In a transnational marriage, the spouse who is not a Taiwan citizen may still be subject to Taiwan law (as the governing law), pursuant to the Choice of Law Act. One should take particular note of the following:
First, the agreement of matrimonial property regime in Taiwan must be registered in the Court. That is, merely stating the matrimonial property regime in a prenuptial agreement is not sufficient. If a spouse wishes to prevent property under his/her name from being claimed for distribution by his/her spouse, the following measures should be taken:
1. Register the marriage relationship according to the procedure prescribed under Taiwan law in Taiwan.
2. Adopt the separation of property regime as the matrimonial regime in Taiwan, and complete the procedures for registration and publication (which could be searched online) of adoption of separation of property regime in the Taiwan court and obtain the official document from the court.
3. The registration of separation of property regime in Taiwan means that the worldwide properties under the names of each couple are to be separately disposed.
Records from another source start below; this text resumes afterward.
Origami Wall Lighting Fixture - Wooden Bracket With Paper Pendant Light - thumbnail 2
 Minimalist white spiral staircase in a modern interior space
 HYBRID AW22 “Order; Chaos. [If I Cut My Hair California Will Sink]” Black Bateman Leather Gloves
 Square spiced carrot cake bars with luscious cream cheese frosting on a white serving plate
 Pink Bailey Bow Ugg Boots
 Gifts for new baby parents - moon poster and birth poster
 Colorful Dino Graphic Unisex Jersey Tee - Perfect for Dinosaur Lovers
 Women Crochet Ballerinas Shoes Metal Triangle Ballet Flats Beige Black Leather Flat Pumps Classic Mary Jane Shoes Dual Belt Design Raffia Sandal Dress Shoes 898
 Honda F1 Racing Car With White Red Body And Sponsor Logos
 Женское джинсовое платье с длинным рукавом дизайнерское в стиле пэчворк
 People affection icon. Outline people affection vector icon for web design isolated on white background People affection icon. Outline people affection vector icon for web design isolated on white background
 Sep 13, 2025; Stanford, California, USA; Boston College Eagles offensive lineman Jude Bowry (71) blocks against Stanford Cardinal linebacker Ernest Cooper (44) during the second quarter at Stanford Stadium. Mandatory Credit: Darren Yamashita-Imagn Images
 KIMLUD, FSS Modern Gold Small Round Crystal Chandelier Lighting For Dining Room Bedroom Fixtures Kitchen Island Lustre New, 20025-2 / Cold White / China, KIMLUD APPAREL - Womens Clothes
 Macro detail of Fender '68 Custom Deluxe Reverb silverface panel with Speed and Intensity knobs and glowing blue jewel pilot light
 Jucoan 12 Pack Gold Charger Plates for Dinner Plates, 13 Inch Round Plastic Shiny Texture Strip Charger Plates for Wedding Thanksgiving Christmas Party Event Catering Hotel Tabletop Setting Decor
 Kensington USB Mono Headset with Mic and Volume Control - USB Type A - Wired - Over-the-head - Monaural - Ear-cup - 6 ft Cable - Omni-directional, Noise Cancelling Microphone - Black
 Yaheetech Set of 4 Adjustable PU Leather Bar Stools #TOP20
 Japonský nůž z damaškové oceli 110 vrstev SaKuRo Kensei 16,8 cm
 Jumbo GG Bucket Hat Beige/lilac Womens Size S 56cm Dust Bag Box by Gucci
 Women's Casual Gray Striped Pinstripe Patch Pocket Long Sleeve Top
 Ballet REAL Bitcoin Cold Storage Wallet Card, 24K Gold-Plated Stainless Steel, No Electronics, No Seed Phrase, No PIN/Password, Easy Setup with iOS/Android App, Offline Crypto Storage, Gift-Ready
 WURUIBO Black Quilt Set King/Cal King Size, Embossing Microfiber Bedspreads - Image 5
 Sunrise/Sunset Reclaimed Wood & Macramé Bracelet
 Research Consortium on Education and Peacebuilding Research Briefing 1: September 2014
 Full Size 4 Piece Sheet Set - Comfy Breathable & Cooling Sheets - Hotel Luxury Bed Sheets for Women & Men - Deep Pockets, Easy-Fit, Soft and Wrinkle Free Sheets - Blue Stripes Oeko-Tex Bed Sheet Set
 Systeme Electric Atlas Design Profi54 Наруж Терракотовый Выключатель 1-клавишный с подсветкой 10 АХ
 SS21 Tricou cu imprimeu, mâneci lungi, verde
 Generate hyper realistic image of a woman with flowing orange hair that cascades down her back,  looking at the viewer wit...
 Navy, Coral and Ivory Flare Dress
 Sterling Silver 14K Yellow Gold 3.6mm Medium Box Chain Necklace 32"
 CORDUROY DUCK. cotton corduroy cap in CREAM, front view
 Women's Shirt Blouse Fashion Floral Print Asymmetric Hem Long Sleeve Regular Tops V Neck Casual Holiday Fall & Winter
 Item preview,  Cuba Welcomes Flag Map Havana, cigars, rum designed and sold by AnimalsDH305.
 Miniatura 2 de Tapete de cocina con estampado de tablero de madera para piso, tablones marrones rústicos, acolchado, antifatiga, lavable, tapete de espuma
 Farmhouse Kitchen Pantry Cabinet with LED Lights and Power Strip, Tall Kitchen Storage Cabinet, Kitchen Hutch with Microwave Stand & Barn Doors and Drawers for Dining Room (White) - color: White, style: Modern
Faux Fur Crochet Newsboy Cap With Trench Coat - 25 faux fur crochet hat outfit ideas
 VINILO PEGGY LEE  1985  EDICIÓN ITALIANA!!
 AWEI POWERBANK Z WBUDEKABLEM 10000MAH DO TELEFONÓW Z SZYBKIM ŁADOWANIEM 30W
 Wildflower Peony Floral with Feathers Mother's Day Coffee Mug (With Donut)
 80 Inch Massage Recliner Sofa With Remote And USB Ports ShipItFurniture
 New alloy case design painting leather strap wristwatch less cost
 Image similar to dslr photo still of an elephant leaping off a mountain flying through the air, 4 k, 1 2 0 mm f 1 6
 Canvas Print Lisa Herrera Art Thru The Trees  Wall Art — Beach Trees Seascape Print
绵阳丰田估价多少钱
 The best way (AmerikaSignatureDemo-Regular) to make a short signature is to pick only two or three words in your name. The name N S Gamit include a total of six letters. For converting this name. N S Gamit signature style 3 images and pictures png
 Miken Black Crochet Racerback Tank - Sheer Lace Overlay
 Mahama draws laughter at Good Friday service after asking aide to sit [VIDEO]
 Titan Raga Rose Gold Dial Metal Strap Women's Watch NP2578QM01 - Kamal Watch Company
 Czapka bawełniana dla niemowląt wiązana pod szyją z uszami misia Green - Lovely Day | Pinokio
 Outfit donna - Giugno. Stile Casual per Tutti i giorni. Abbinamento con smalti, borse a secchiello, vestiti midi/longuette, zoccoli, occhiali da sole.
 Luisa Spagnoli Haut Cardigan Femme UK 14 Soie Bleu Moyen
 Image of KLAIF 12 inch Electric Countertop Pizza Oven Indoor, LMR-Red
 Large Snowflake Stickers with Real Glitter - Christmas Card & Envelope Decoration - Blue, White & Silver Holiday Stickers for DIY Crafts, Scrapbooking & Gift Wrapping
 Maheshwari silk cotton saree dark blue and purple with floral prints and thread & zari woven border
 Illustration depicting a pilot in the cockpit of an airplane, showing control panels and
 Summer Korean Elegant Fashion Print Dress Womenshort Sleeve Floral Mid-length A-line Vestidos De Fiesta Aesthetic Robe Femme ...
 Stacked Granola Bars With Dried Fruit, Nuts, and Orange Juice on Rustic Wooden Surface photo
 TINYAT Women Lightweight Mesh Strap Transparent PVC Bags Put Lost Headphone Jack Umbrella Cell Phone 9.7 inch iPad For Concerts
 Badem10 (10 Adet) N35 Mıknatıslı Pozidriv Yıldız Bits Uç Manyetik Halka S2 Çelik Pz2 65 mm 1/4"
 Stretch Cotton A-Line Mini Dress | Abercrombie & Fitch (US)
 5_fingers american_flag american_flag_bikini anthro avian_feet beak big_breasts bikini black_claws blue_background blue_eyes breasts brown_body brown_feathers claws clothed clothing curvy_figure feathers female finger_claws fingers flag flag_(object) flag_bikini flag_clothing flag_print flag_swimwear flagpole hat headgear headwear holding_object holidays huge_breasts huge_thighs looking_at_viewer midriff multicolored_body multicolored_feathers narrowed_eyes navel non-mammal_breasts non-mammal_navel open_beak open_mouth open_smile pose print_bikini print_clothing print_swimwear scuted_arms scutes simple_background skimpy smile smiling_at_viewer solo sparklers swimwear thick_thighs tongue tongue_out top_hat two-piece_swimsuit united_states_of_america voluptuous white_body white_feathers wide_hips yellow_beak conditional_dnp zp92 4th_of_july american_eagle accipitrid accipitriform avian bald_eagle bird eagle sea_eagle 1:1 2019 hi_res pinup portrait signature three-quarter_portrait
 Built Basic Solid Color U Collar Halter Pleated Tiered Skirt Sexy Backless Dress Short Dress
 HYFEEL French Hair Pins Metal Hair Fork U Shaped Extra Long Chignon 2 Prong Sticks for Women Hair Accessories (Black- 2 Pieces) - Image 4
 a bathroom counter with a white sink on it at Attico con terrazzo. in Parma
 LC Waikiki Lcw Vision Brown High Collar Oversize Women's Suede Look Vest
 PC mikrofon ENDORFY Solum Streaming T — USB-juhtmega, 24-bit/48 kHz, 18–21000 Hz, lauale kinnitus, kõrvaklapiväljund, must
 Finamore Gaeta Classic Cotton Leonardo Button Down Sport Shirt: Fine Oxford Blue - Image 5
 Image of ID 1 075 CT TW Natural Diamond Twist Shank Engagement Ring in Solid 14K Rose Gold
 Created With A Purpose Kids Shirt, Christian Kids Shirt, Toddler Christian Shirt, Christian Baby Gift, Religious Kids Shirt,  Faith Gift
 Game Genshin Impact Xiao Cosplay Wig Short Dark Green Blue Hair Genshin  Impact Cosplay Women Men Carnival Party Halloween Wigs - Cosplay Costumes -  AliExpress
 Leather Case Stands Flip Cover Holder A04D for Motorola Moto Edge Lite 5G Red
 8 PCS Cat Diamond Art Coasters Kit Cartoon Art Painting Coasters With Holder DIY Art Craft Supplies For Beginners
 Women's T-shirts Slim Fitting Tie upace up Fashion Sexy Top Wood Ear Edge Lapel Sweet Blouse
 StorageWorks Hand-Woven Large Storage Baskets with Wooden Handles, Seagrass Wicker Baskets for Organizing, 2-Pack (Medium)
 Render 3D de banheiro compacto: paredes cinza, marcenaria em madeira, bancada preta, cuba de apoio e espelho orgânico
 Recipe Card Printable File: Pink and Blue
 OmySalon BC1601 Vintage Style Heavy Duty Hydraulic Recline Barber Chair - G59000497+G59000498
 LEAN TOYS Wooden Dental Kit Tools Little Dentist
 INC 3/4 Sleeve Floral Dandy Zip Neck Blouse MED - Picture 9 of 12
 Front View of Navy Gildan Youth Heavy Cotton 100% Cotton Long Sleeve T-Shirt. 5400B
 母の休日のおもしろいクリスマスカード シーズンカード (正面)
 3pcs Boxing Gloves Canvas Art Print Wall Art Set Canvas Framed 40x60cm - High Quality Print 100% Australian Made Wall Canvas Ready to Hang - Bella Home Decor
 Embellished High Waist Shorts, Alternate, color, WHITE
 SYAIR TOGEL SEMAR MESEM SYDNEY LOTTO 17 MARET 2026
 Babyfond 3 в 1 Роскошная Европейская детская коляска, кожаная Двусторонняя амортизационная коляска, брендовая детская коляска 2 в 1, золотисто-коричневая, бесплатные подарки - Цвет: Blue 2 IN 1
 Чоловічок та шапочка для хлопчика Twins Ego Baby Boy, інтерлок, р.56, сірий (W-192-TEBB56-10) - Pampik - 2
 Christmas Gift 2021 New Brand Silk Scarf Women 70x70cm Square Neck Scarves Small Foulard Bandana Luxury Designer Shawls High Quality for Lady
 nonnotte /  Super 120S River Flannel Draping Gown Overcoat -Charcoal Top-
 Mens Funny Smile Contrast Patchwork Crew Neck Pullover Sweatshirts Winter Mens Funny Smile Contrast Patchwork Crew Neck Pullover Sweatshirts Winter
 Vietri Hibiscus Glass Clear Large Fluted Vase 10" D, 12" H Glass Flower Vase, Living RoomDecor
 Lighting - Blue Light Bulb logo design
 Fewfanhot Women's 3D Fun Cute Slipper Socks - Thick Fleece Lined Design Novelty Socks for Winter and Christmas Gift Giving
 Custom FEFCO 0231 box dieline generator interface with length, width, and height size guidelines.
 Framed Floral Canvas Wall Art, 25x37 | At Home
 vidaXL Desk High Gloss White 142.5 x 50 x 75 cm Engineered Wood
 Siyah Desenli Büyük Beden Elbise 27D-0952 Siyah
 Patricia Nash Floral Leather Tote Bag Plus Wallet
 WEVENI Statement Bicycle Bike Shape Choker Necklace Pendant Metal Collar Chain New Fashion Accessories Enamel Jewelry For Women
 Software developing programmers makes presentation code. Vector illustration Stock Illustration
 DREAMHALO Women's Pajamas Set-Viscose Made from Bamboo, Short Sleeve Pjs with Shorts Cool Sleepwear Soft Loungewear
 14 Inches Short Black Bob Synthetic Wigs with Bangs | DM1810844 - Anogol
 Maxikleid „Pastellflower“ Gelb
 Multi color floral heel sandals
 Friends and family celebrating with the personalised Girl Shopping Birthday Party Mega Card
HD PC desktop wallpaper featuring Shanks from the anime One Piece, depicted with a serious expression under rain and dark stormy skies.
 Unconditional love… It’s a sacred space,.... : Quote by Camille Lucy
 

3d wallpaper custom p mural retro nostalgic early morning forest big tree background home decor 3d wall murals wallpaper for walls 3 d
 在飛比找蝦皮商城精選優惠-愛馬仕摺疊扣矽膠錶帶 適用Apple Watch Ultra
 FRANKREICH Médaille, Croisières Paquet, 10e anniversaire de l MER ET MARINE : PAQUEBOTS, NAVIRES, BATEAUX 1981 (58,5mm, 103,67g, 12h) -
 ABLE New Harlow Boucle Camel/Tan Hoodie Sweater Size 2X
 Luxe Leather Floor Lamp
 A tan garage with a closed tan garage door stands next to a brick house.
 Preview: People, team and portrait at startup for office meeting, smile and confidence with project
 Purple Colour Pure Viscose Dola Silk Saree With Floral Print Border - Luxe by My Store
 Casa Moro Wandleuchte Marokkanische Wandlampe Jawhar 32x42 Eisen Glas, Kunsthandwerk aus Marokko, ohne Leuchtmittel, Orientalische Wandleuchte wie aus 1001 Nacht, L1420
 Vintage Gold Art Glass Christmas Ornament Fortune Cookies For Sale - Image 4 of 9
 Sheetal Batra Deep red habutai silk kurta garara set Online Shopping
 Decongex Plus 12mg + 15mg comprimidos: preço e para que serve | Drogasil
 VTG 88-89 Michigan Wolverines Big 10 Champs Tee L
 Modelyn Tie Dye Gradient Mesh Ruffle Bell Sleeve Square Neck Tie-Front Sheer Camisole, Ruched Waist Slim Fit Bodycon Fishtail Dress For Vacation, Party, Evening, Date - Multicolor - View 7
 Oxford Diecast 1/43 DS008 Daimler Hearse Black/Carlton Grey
Therefore, if any such property is located overseas, whether or not the laws of the overseas country recognizes Taiwan’s separation of property regime would be of paramount importance. Once the couple adopts the separation of property regime in Taiwan, the agreement and the court document received should be translated and sent to a foreign counsel for his/her legal opinion. This is to make sure that the registration of separation of property regime in Taiwan is recognized overseas. If a spouse has substantial properties, he/she should also agree on or register the separation of property regime or make a similar agreement pursuant to the local law of that foreign country, which will give effect to the separation of property regime in accordance with local law of that foreign country (rather than relying on the recognition of Taiwan law by that foreign country for the regime to take effect indirectly). This step will ensure a more comprehensive protection of the property under each spouse’s name.
III. Conclusion
In conclusion, the prenuptial agreement and the matrimonial property regime both help to eliminate the disputes and to save costs in litigation --- especially for transnational marriage, as the costs of litigation for such marriage would be higher than those for non-transnational marriage in terms of effort, time and monetary expense. For the newlywed couple to make prudent plans in the prenuptial agreement and matrimonial property regime, careful thoughts and the consensus of both parties are the key to success.